Putting toothpaste back in the tube is easy with a syringe or an icing gun. But I want to know what happened at the 10th dentist's office? Cwallenpoole (talk) 16:58, 28 September 2021 (UTC)

I always heard it as "you can't put the genie back in the bottle". 172.70.34.165 18:02, 28 September 2021 (UTC)

i have literally never heard this expression 172.70.34.91 22:12, 28 September 2021 (UTC)Bumpf

Am I the only person who sees this as vaguely flirty? I kinda expect the next panel to be Megan grabbing Cueball and kissing him to metaphorically suck the words back in. 172.68.133.167 19:28, 29 September 2021 (UTC) person who isn't sure how signing comments works.
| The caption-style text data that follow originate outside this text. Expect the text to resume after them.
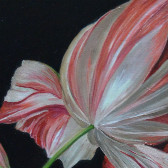Dutch flower | Original Contemporary Artwork | ArtXchange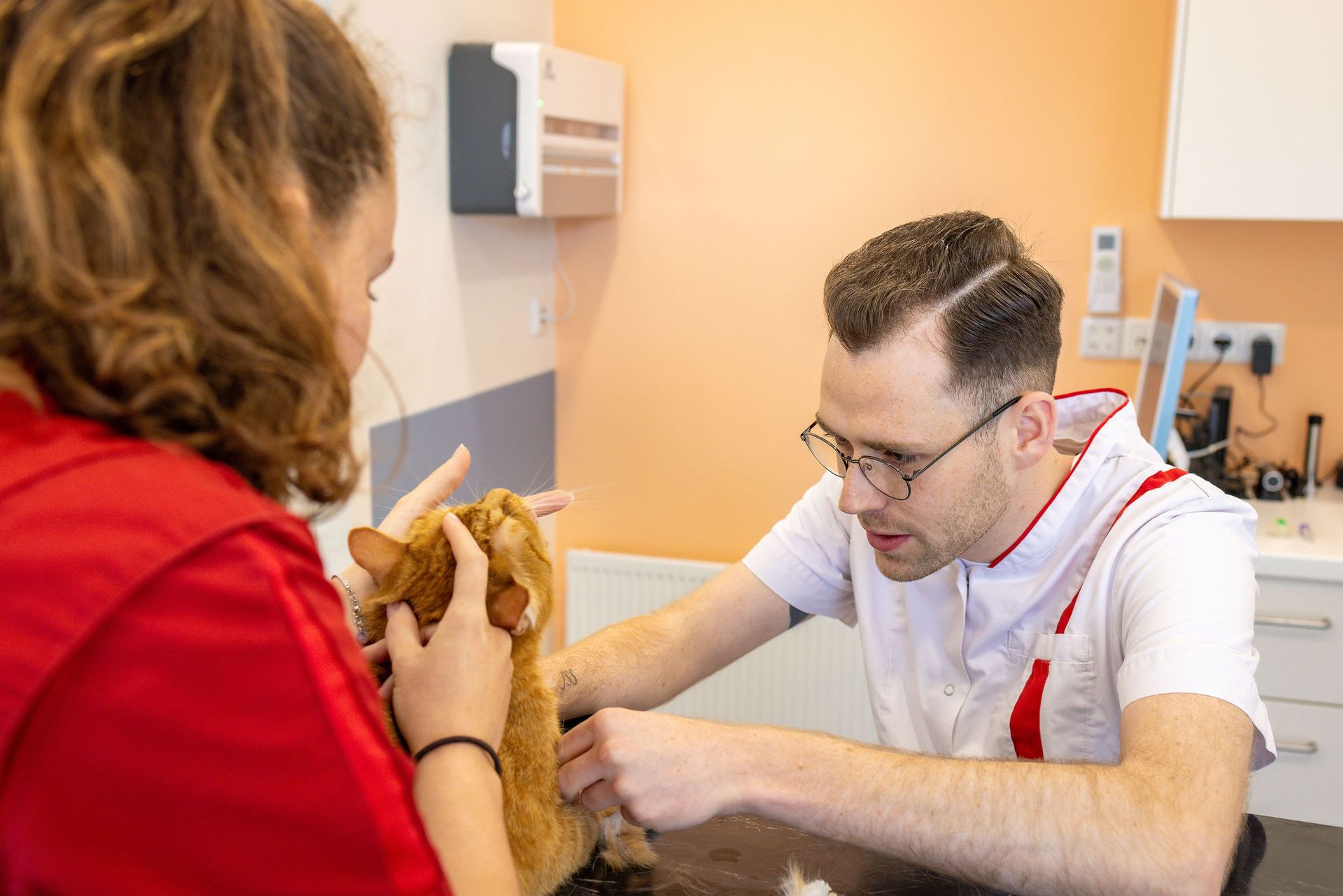 Dierenarts onderzoekt een kat tijdens een consult bij Dierenkliniek Capelle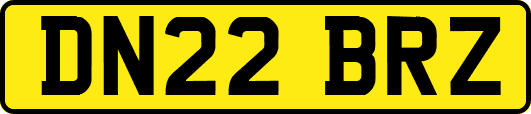 DN22BRZ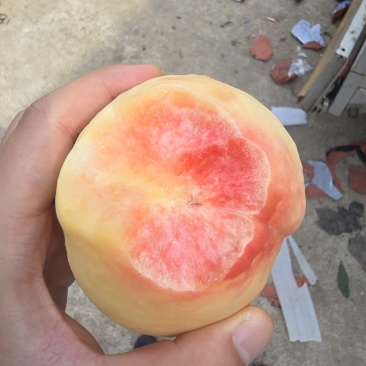 东桃九号白凤水蜜桃量大价优自有基地对接市场商超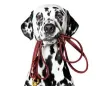 Dog Trainer Concord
To reverse talking, she'd suck on his ear, no? Once, when shopping for noise-cancelling headphones, I asked the clerk to blow on them because I wanted to hear whether it was capable of cancelling wind noise. She happily complied, commenting "It's been a long time since I blew a man in his ear." So yes, I see a flirty component there. --162.158.92.61 13:32, 5 November 2021 (UTC)

You actually can put SOME of the toothpaste back in the tube. Squeeze the tube on the surfaces of the tube that are perpendicular to the surfaces you squeezed to get the toothpaste out in the first place. The originally squeezed surfaces will start to revert to their original shape, creating a void of pressure that sucks some of the toothpaste back in the tube. I'm going to write my congressman about this horrible, misleading punch line and the danger it poses to society. Longtimereadfirsttimeposter (talk) 16:09, 2 October 2021 (UTC)


Cueball: I can't believe she said that. Cueball: She apologized, but you can't put the toothpaste back in the tube. Megan: Sure you can; it's easy. You just put your mouth over the opening. Cueball: Well, that's the worst thing you've ever said. Megan: Sorry, I can take it back. It's just like- Cueball: NO!